The Executive Order signed on March 6, 2017 allows for the proper review and establishment of standards to prevent terrorist or criminal infiltration by foreign nationals. The U.S. Government wants to ensure that those entering this country will not harm the American people after entering. The United States claims to have the world’s most generous immigration system, yet according to the U.S. Government, it has been repeatedly exploited by terrorists and other malicious actors who seek to do us harm. In order to ensure that the U.S. Government can conduct a thorough and comprehensive analysis of the national security risks posed from our immigration system, the Executive Order imposes a 90-day suspension of entry to the United States of nationals of certain designated countries.
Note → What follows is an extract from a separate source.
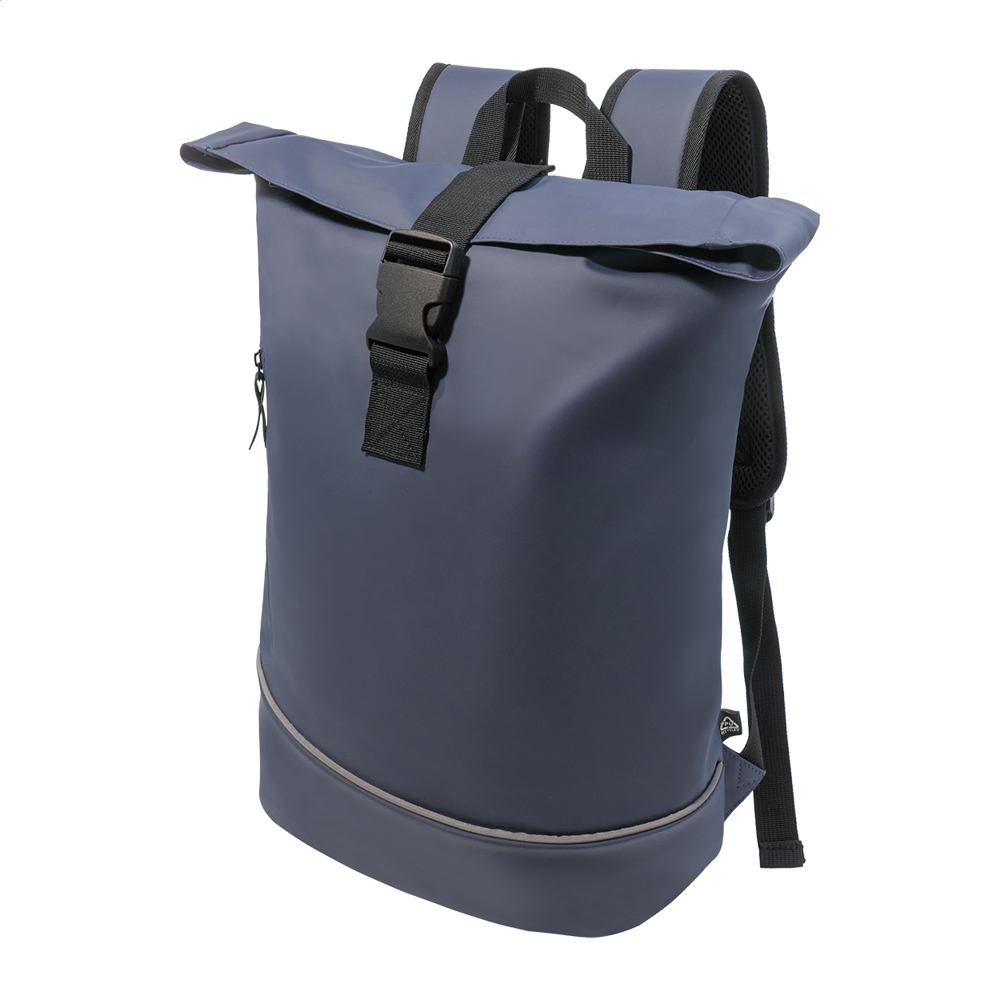 Cubitt - RPU rugzak - donker blauw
This Executive Order ensures that we have a functional immigration system that safeguards our national security. Protecting the American people is the highest priority of our government and this Department.
For the next 90 days, foreign nationals from Sudan, Syria, Iran, Libya, Somalia, and Yemen who are outside the United States on the effective date of the order, who do not currently have a valid visa on the effective date of this order, and did not have a valid visa at 5:00 eastern standard time on January 27, 2017, are not eligible to travel to the United States. The 90-day period will allow for proper review and establishment of standards to prevent terrorist or criminal infiltration by foreign nationals.
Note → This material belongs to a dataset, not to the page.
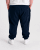 Motley Denim Berlin Sweatpants Navy - Dresy & spodenki dresowe - Dresy & Spodnie Dresowe 2XL-12XL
On the basis of negotiations that have taken place between the Government of Iraq and the U.S. Department of State in the last month, Iraq will increase cooperation with the U.S. Government on the vetting of its citizens applying for a visa to travel to the United States. As a result of this increased information sharing, Iraqi citizens are not affected by the Executive Order. Of course, all normal immigration processing requirements continue to apply, including the grounds of inadmissibility that may be applicable.
The Executive Order does not apply to certain individuals, such as lawful permanent residents of the United States; foreign nationals admitted to the United States after the effective date of the order; individuals with a document that is valid on the effective date of the order or any date thereafter which permits travel to the United States; dual nationals when travelling on a passport issued by a non-designated country; foreign nationals traveling on diplomatic, NATO, C-2 for travel to the United Nations, G-1, G-2, G-3, or G-4 visas; and individuals already granted asylum or refugee status in the United States before the effective date of the order.
Similarly, the Refugee Admissions Program will be temporarily suspended for the next 120 days while. Upon resumption of the Refugee Admissions Program, refugee admissions to the United States will not exceed 50,000 for fiscal year 2017. The Executive Order does not apply to those refugees who have already been formally scheduled for transit by the State Department. During this 120-day period, similar to the waiver authority for visas, the Secretary of State and Secretary of Homeland Security may jointly determine to admit individuals to the United States as refugees on a case-by-case basis, in their discretion, but only so long as they determine that the entry of such individuals as refugees would not pose a threat to the security or welfare of the United States.
The Secretary of Homeland Security will expedite the completion and implementation of a biometric entry-exit system for all in-scope travellers entering and departing the United States.
In order to be more transparent with the American people and to more effectively implement policies and practices, DHS will make information available to the public every 180 days. DHS will make available to the public information regarding the number of foreign nationals who have been charged with terrorism-related offenses while in the United States; convicted of terrorism-related offenses while in the United States; removed from the United States based on terrorism-related activity, affiliation, or material support to a terrorism-related organization, or any other national-security reasons; and information regarding the number and types of acts of gender-based violence against women, including so-called “honor killings,” in the United States by foreign nationals.